Je vous laisse à penser les beaux coups de lance qui se faisaient aux carrousels et aux tournois en l’honneur de Fleurette et d’Isabeau. Leur réputation de beauté et de talent avait fait le tour de l’Europe, et cependant elles n’en étaient pas plus fières ; elles vivaient dans la retraite, ne voyant guère d’autres personnes que le petit page Valentin, bel enfant aux cheveux blonds, et le sire de Maulevrier, vieillard tout chenu, tout hâlé et tout cassé d’avoir porté soixante ans son harnois de guerre.

Elles passaient leur temps à jeter de la graine aux petits oiseaux, à dire leurs prières, et principalement à étudier les œuvres des maîtres, et à répéter ensemble quelque motet, madrigal, villanelle, ou telle autre musique ; elles avaient aussi des fleurs qu’elles arrosaient et soignaient elles-mêmes. Leur vie s’écoulait dans ces douces et poétiques occupations de jeune fille ; elles se tenaient dans l’ombre et loin des regards du monde, et cependant le monde s’occupait d’elles. Ni le rossignol ni la rose ne se peuvent cacher ; leur chant et leur odeur les trahissent toujours. Nos deux cousines étaient à la fois deux rossignols et deux roses.

Il vint des ducs, des princes, pour les demander en mariage ; l’empereur de Trébizonde et le soudan d’Égypte envoyèrent des ambassadeurs pour proposer leur alliance au sire de Maulevrier ; les deux cousines ne se lassaient pas d’être filles et ne voulurent pas en entendre parler. Peut-être avaient-elles senti par un secret instinct que leur mission ici-bas était d’être filles et de chanter, et qu’elles y dérogeraient en faisant autre chose.

Elles étaient venues toutes petites dans ce manoir. La fenêtre de leur chambre donnait sur le parc, et elles avaient été bercées par le chant des oiseaux. À peine se tenaient-elles debout que le vieux Blondeau, ménétrier du sire, avait posé leurs petites mains sur les touches d’ivoire du virginal ; elles n’avaient pas eu d’autre hochet et avaient su chanter avant de parler ; elles chantaient comme les autres respirent : cela était naturel.

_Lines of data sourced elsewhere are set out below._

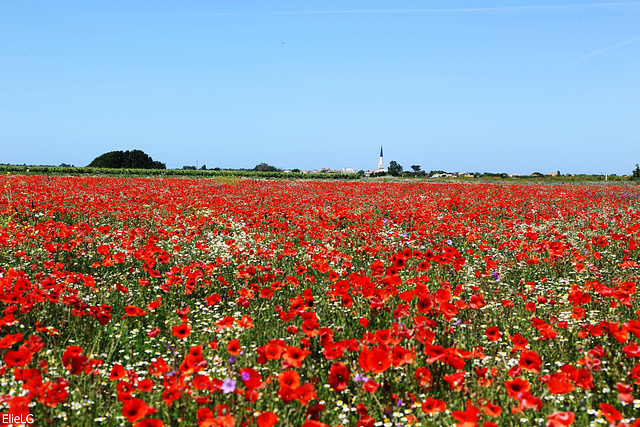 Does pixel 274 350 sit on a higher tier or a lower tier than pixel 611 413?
higher

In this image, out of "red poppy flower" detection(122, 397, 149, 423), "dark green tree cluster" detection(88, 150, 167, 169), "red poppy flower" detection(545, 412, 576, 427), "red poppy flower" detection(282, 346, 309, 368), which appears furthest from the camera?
"dark green tree cluster" detection(88, 150, 167, 169)

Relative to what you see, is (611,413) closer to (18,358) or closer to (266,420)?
(266,420)

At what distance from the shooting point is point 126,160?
9069cm

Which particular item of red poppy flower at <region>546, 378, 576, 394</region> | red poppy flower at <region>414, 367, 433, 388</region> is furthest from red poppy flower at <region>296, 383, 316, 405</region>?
red poppy flower at <region>546, 378, 576, 394</region>

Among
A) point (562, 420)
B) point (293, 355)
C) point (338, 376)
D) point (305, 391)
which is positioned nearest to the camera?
point (562, 420)

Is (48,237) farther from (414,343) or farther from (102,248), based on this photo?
(414,343)

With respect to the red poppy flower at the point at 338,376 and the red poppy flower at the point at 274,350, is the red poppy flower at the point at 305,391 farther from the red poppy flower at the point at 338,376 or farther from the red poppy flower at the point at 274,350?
the red poppy flower at the point at 274,350

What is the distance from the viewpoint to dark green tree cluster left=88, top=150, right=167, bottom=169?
9000cm

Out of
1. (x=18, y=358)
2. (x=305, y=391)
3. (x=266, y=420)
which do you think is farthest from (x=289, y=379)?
(x=18, y=358)

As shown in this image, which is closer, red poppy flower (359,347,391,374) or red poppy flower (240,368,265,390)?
red poppy flower (240,368,265,390)

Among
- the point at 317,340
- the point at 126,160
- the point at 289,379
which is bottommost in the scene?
the point at 317,340

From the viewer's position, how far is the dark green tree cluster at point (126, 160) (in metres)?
90.0

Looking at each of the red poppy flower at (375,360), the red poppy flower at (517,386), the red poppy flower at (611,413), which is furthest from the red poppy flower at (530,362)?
the red poppy flower at (375,360)

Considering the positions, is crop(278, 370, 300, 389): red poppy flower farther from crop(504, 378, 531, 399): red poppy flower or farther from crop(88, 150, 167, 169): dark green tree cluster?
crop(88, 150, 167, 169): dark green tree cluster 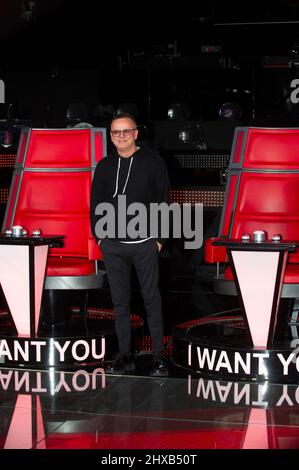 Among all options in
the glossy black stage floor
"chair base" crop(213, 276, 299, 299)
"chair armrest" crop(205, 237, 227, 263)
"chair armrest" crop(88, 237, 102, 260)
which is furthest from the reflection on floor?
"chair armrest" crop(205, 237, 227, 263)

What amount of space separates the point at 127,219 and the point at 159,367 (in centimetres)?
84

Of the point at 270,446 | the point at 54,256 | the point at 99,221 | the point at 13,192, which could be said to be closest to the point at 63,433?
the point at 270,446

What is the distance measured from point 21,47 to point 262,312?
1029cm

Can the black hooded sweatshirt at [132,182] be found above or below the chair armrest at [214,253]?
above

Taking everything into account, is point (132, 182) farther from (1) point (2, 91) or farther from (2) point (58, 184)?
(1) point (2, 91)

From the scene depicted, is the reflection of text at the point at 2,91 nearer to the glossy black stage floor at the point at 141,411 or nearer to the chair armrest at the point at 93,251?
the chair armrest at the point at 93,251

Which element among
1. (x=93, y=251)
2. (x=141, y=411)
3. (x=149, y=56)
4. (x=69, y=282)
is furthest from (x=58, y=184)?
(x=149, y=56)

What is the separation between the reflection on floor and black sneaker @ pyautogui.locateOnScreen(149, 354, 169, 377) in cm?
5

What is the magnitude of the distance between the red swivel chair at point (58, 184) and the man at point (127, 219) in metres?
0.87

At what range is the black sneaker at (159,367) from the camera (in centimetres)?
450

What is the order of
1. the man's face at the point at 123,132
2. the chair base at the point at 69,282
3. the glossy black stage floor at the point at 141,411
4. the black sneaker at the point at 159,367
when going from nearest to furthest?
the glossy black stage floor at the point at 141,411, the man's face at the point at 123,132, the black sneaker at the point at 159,367, the chair base at the point at 69,282

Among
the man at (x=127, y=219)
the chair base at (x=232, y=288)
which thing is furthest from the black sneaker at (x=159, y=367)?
the chair base at (x=232, y=288)

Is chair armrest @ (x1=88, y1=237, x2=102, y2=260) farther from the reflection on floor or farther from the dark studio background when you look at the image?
the dark studio background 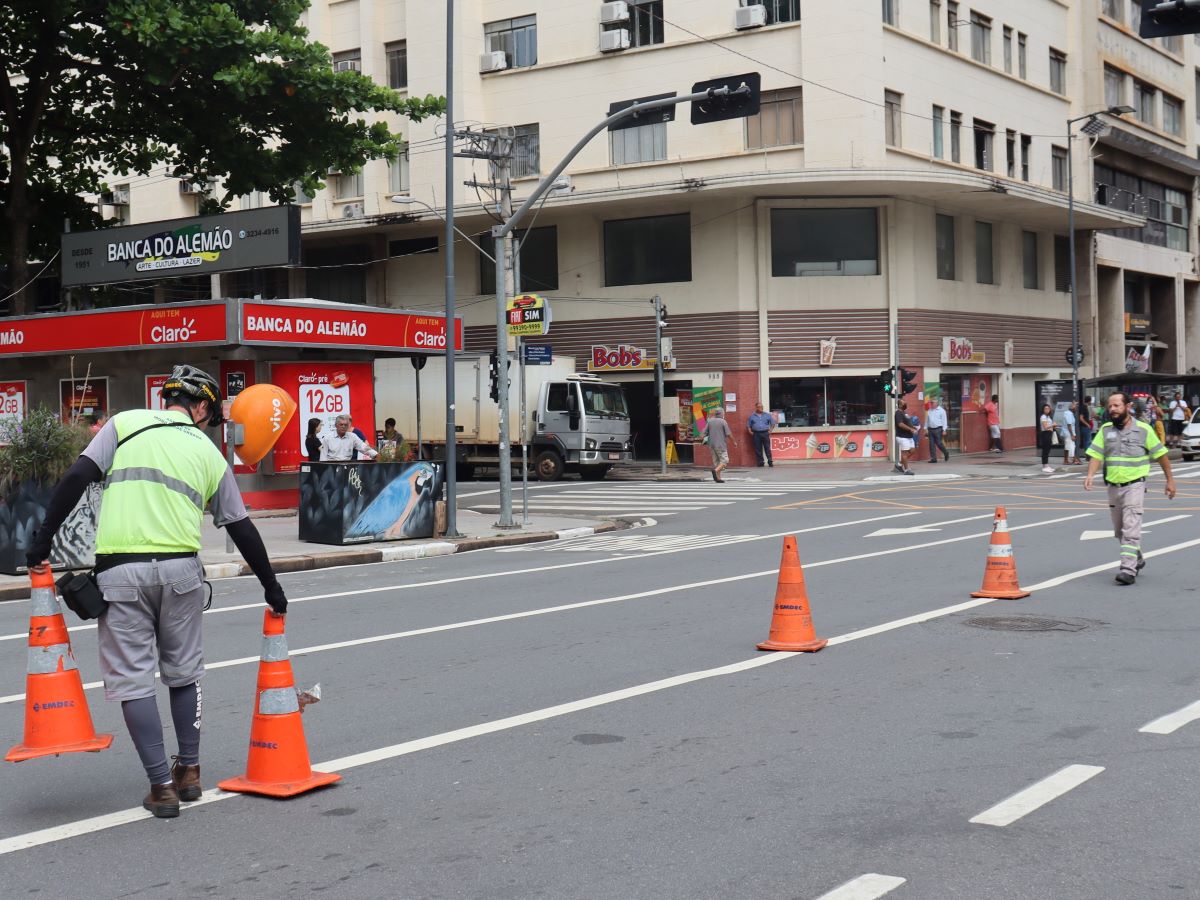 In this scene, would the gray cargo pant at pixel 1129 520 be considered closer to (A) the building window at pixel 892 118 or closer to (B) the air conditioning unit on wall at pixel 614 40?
(A) the building window at pixel 892 118

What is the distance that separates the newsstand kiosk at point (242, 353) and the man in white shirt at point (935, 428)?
17259 millimetres

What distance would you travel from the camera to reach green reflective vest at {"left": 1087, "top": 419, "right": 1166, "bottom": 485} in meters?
12.9

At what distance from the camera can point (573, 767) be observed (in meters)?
6.39

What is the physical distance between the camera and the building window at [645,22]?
1583 inches

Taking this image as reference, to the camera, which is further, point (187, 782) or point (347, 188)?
point (347, 188)

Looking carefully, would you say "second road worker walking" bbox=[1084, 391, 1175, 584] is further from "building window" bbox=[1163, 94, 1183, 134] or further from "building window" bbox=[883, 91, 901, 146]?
"building window" bbox=[1163, 94, 1183, 134]

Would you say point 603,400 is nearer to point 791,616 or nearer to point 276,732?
point 791,616

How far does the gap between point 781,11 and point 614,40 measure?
484cm

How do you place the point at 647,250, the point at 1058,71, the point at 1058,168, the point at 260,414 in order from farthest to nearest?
the point at 1058,71 < the point at 1058,168 < the point at 647,250 < the point at 260,414

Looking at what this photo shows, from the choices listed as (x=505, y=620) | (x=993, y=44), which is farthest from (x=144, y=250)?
(x=993, y=44)

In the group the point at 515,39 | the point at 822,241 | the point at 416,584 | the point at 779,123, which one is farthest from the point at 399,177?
the point at 416,584

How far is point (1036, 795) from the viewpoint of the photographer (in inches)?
228

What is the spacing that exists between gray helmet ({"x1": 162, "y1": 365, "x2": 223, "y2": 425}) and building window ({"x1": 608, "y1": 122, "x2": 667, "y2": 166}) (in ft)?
114

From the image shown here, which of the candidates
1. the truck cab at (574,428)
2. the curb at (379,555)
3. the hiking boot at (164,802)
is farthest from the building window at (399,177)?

Cette éducation avait singulièrement influé sur leur caractère. Leur enfance harmonieuse les avait séparées de l’enfance turbulente et bavarde. Elles n’avaient jamais poussé un cri aigu ni une plainte discordante : elles pleuraient en mesure et gémissaient d’accord. Le sens musical, développé chez elles aux dépens des autres, les rendait peu sensibles à ce qui n’était pas musique. Elles flottaient dans un vague mélodieux, et ne percevaient presque le monde réel que par les sons. Elles comprenaient admirablement bien le bruissement du feuillage, le murmure des eaux, le tintement de l’horloge, le soupir du vent dans la cheminée, le bourdonnement du rouet, la goutte de pluie tombant sur la vitre frémissante, toutes les harmonies extérieures ou intérieures : mais elles n’éprouvaient pas, je dois le dire, un grand enthousiasme à la vue d’un soleil couchant, et elles étaient aussi peu en état d’apprécier une peinture que si leurs beaux yeux, bleus et noirs, eussent été couverts d’une taie épaisse. Elles avaient la maladie de la musique ; elles en rêvaient, elles en perdaient le boire et le manger ; elles n’aimaient rien autre chose au monde. Si fait, elles aimaient encore autre chose ; c’était Valentin et leurs fleurs : Valentin, parce qu’il ressemblait aux roses ; les roses, parce qu’elles ressemblaient à Valentin. Mais cet amour était tout à fait sur le second plan. Il est vrai que Valentin n’avait que treize ans. Leur plus grand plaisir était de chanter le soir à leur fenêtre la musique qu’elles avaient composée dans la journée.

Les maîtres les plus célèbres venaient de très loin pour les entendre et lutter avec elles. Ils n’avaient pas plus tôt écouté une mesure qu’ils brisaient leurs instruments et déchiraient leurs partitions en s’avouant vaincus. En effet, c’était une musique si agréable et si mélodieuse que les chérubins du ciel venaient à la croisée avec les autres musiciens et l’apprenaient par cœur pour la chanter au bon Dieu.

Un soir de mai, les deux cousines chantaient un motet à deux voix ; jamais motif plus heureux n’avait été plus heureusement travaillé et rendu. Un rossignol du parc, tapi sur un rosier, les avait écoutées attentivement. Quand elles eurent fini, il s’approcha de la fenêtre et leur dit en son langage de rossignol : "Je voudrais faire un combat de chant avec vous."

Les deux cousines répondirent qu’elles le voulaient bien et qu’il eût à commencer.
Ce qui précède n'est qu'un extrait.